Suchen

Cloud-Projekt zur Industrie 4.0 Was kann KI in der Maschinenhalle?

| Autor / Redakteur: Dr. Dietmar Müller / Elke Witmer-Goßner

Das Fraunhofer Institut (IAO im Mittelstand 4.0-Kompetenzzentrum Stuttgart), die Bimanu Cloud Solutions GmbH sowie die beiden Anlagen- und Maschinenbauer Wichelhaus & Co. Maschinenfabrik und Rhein-Nadel Automation GmbH haben ein umfangreiches Forschungsprojekt zum maschinellen Lernen in der Industrie 4.0 gestartet.

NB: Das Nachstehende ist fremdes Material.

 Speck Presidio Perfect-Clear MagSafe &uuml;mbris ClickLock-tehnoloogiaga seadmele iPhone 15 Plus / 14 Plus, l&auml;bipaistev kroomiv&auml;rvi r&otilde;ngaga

Ein neues Projekt hat sich zum Ziel gesetzt, von theoretischen Ansätzen hin zu praxisnahen Cloud-Computing-, Machine-Learning- und BigData-Umsetzungen zu kommen.
Ein neues Projekt hat sich zum Ziel gesetzt, von theoretischen Ansätzen hin zu praxisnahen Cloud-Computing-, Machine-Learning- und BigData-Umsetzungen zu kommen.
(Bild: gemeinfrei© Tama66 / Pixabay )

Projektstandort ist das Technologiezentrum der Wichelhaus Gruppe in Solingen. Die dort installierte Testanlage ist der Dreh- und Angelpunkt des Projekts. Die Anlage ist für den Dauerbetrieb ausgelegt und somit in der Lage, permanent Daten zu generieren. Der Aufbau ist gemäß heutigen, modernen Anlagenkonzepten modular, einzelne Stationen sind austauschbar. Auf Basis dieser Maschine wird eine Datenhistorie innerhalb der Bimanu- Cloud-Plattform geschaffen, die für die weitere Umsetzung elementar ist.

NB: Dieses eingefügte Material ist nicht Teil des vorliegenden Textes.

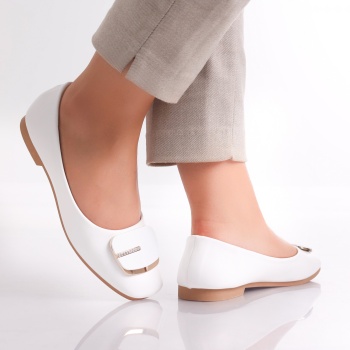 Eselin Ladies' White Organic Leather Μπαλαρίνες από οργανικό δέρμα - Img 3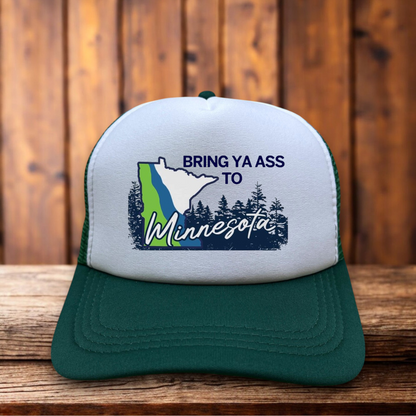 Bring Ya Ass To Minnesota Land Of 10000 Lakes Retro Trucker Hat vintage state pride snapback by Retro Roots Headwear
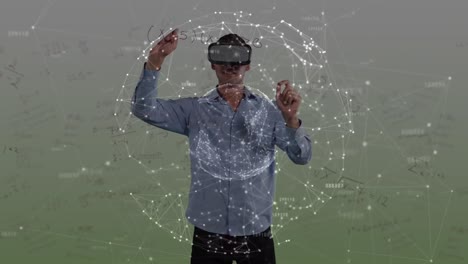 Animation-of-network-of-connections-with-mathematical-equations-over-caucasian-man-with-vr-headset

Die Datenintegrationsplattform wurde um diverse Funktionalitäten des Machine Learnings erweitert, wodurch weitreichende Potenziale durch (Re-)Kombination von Daten und Lösungen schnell erschlossen werden. Da die zugrundeliegenden Technologien cloud-basiert sind, bringen sie entsprechende Skalierbarkeit mit, wodurch dank des reinen „As-a-Service“-Modells eine einfache Anwendung ermöglicht wird.

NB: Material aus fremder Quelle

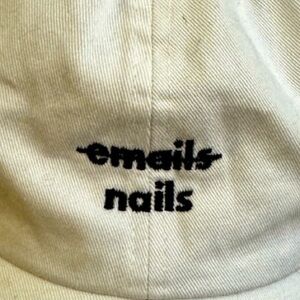 Emails and Nails (all the important things) white baseball cap.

Testanlage für Anwendungsfälle

Im ersten Schritt des Projekts erfolgt die klare Erarbeitung des Anwendungsfalls. Dazu kommt eine Testanlage zum Einsatz, um die erforderliche Datenhistorie aufzubauen. Im Prozessablauf der Anlage können z.B. folgende Simulationen für die Vorbereitung der Machine Learning Modelle realisiert werden: Druckluftverlust, Spindeltemperatur, Stromverbraucherhöhung und Sensorausfall

Die Maschine wird mit verschiedenen Sensoren bestückt, die jeweils unterschiedliche Messwerte aufzeichnen, u.a. Schwingungen, Temperatur, und Druck. Zusätzlich sorgt die IoT Connect Box, eine mobile Datenerfassung für die Erfassung von weiteren Sensorwerten für eine realistische Abbildung der Produktion. Produzierende Unternehmen werden neben modernen Anlagen auch ältere Anlagen im Bestand haben. Diese können mithilfe des IoT-Retrofit (Einsatz der IoT Connect Box) ebenfalls abgebildet werden, was insgesamt zu besseren Ergebnissen bei der Anwendung von Machine Learning führt.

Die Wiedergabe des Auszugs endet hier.